Tuesday, January 19, 2016

Wish I was Making This Up

  Sarah Palin endorsed Donald Fucking Trump tonight.
  During the course of the ramble, she mentioned the 'squirmishing' among the various factions in the middle east.
 
Note: I want to thank Lawrence O'Donnell of MSNBC, both for playing the clip of Palin and confirming that I had indeed heard her say 'squirmish'. I imagine there's some sqirmishing going on in the GOP right now.

Monday, January 4, 2016

Not So Super

  "I have, like, this incredible vocabulary."
                                 Donald Trump, December 21, 2015
   "Fershur. Totally."
                          Your Blogger, just now

Update (A continuing tradition of rhetorical eloquence):
    "Her statement changed bigly."
                                 Donald Trump, March 29, 2016

  It is, rightly, said, that there can be too much of even a good thing. It must also be said that there are, of course, a few things of which there never can be too much. Off the top of my head that includes: beer, redheads and chocolate. Although not necessarily in that order. But definitely in combination.... Yes.... Definitely in combination.
  I digress.

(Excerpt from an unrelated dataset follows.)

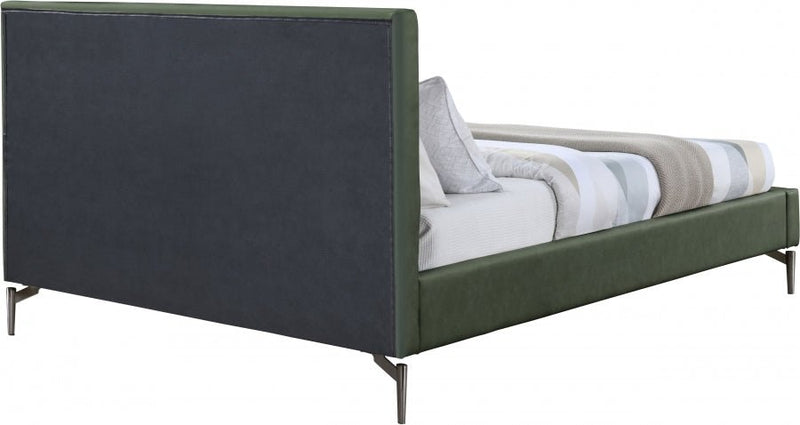 Gallo Vegan Leather Queen Bed Green - Gate FurnitureQueen Bed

But, yeah, in combination....
  Right, where was I? Oh yeah, too much of a good thing.
  In oratory, as in writing, the impact of a superlative is directly inverse to its frequency of use. The more often a word is used the more commonplace and insipid it becomes.
  Which brings us back to Trump.
  Traditionally, there have existed two kinds of political speakers; the man of few words, and the great orator. For a man of few words, whatever he says, due to the laws of supply and demand, seems to have more substance. A great orator, on the other hand, can speak often, and at great length, if, like Winston Churchill, he can draw his thoughts and phrases from a deep well. Trump is neither of these. He speaks often, and at great length, but his supply comes from, at best, a stagnant puddle. He is a man of few words, repeated endlessly.
 
Herewith; a Trump lexicon:

Great, nasty, terrific, horrible, amazing, disaster, powerful, important, awful, tremendous, disgusting, incredible, terrible, and, of course, yuge.

  Throw a handful of random nouns and verbs in with the above, stir well, and you have a pretty typical Trump paragraph. It might even make an interesting drinking game. With beer... and redheads.... Well, once again, I digress.
  We must still see how the primaries shake everything out. But, as I said once before: schadenfreude.